→ **Description of the task**: Wherever the line that contains "VidaXL Box spring" falls, repeat it and the lines after it exactly until the records end, without any pictures.
------
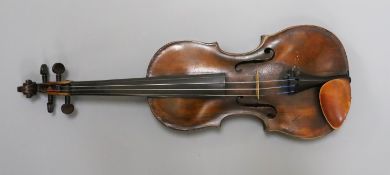 An English violin, by Whitaker, London violin, late 18th century, the two piece back with medium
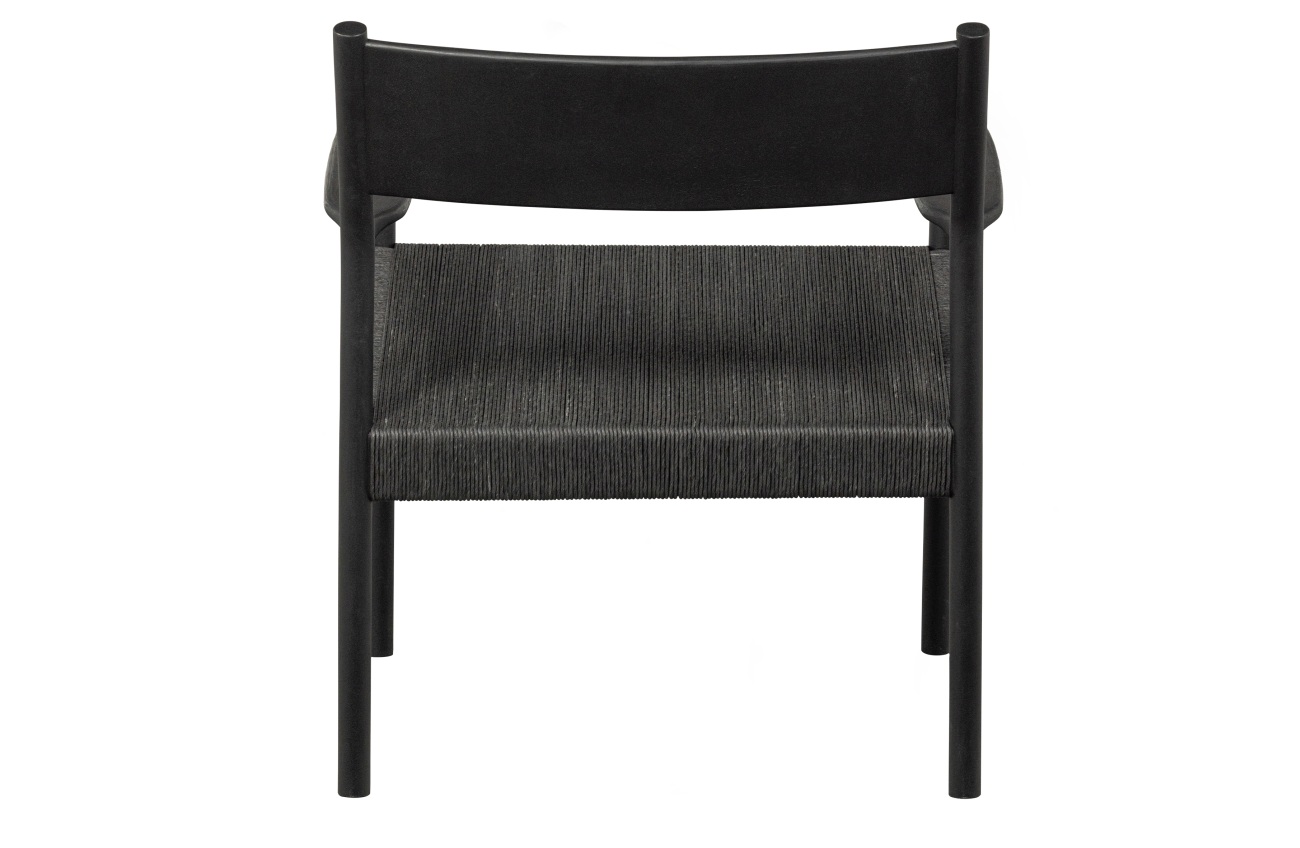 Der Sessel Lael überzeugt mit seinem modernen Stil. Gefertigt wurde er aus Mangoholz, welches einen schwarzen Farbton besitzt. Die Sitzfläche wurde aus Kordeln hergestellt und hat eine schwarze Farbe. Der Sessel verfügt über eine Sitzhöhe von 43 cm.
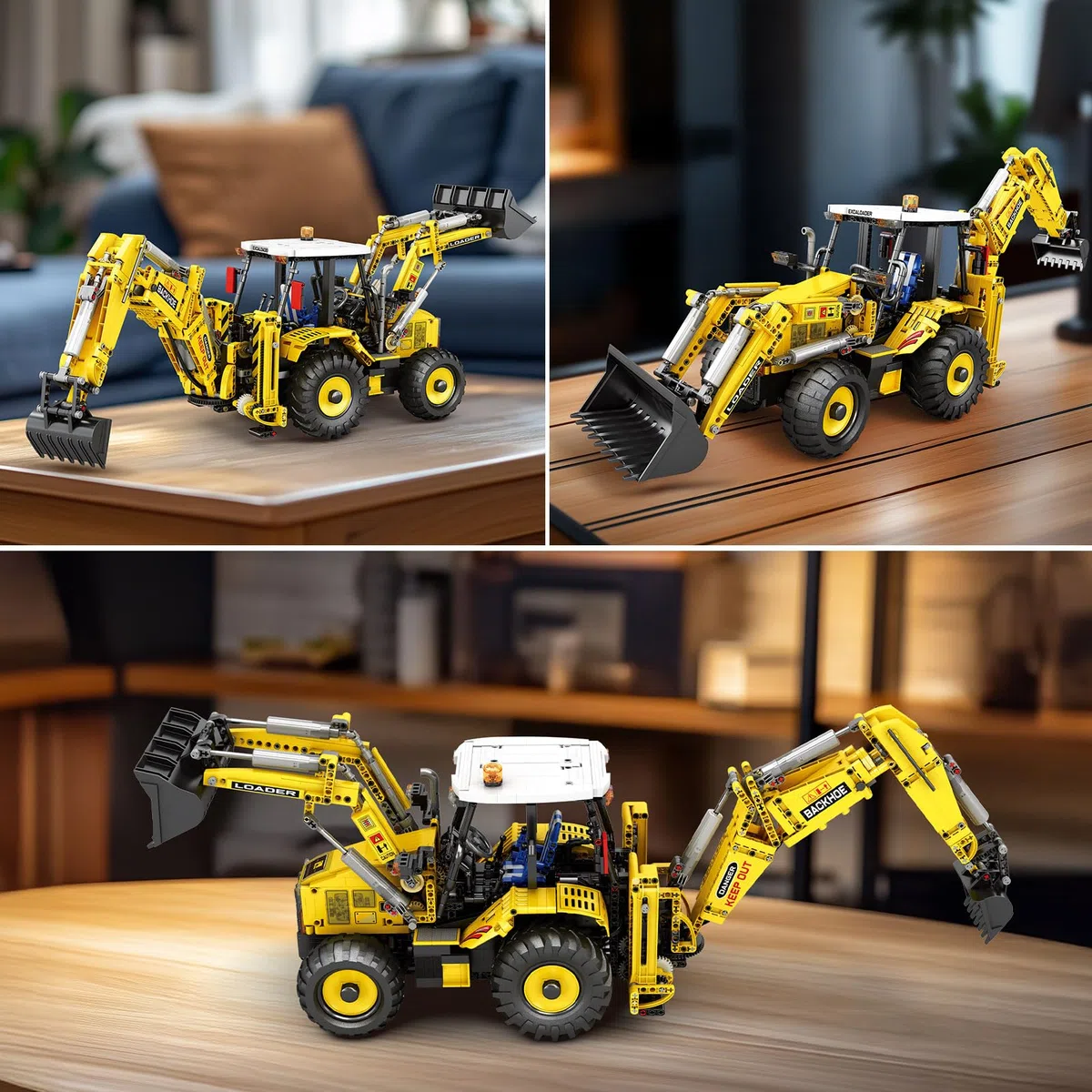 Reobrix Set de Construction Chargeuse Pelleteuse, 22018 Kit de Blocs de Construction 2 en 1 Excavatrice et Bulldozer télécommandé, Modèle de véhicule de Chantier de 2231 pièces Jouet de Construction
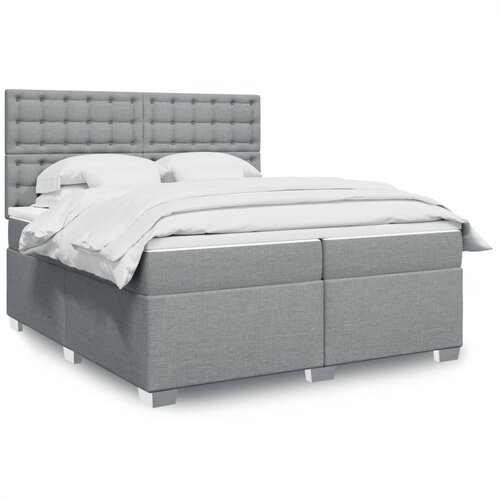 VidaXL Box spring postelja z vzmetnico svetlo siva 200x200 cm blago Slike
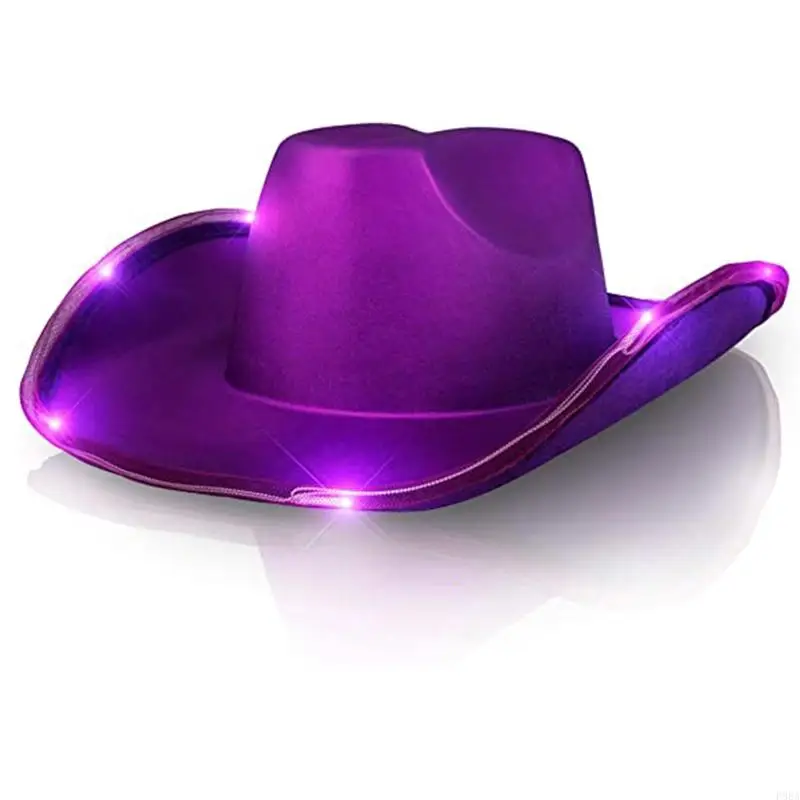 

P88A Retro Light Up LED Light Brim Hat Top Hat Western Cowboy Hat Unisex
------
→ **Output of the exercise**:
 VidaXL Box spring postelja z vzmetnico svetlo siva 200x200 cm blago Slike

P88A Retro Light Up LED Light Brim Hat Top Hat Western Cowboy Hat Unisex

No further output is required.